_Records for the task_
- - -
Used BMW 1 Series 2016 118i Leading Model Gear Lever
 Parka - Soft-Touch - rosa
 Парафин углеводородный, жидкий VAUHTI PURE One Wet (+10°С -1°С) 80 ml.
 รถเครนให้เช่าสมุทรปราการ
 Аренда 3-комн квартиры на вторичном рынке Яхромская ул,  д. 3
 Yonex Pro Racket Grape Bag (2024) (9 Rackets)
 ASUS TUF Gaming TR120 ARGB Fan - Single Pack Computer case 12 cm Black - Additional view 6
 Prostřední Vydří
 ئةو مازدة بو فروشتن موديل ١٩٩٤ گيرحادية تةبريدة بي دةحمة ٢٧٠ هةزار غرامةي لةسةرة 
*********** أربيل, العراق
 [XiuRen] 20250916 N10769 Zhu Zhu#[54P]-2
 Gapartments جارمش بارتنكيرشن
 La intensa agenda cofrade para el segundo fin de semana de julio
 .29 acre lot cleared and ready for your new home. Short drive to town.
- - -
_Action item_
Set every line of the listing down word for word.

_Response below_
Used BMW 1 Series 2016 118i Leading Model Gear Lever
 Parka - Soft-Touch - rosa
 Парафин углеводородный, жидкий VAUHTI PURE One Wet (+10°С -1°С) 80 ml.
 รถเครนให้เช่าสมุทรปราการ
 Аренда 3-комн квартиры на вторичном рынке Яхромская ул,  д. 3
 Yonex Pro Racket Grape Bag (2024) (9 Rackets)
 ASUS TUF Gaming TR120 ARGB Fan - Single Pack Computer case 12 cm Black - Additional view 6
 Prostřední Vydří
 ئةو مازدة بو فروشتن موديل ١٩٩٤ گيرحادية تةبريدة بي دةحمة ٢٧٠ هةزار غرامةي لةسةرة 
*********** أربيل, العراق
 [XiuRen] 20250916 N10769 Zhu Zhu#[54P]-2
 Gapartments جارمش بارتنكيرشن
 La intensa agenda cofrade para el segundo fin de semana de julio
 .29 acre lot cleared and ready for your new home. Short drive to town.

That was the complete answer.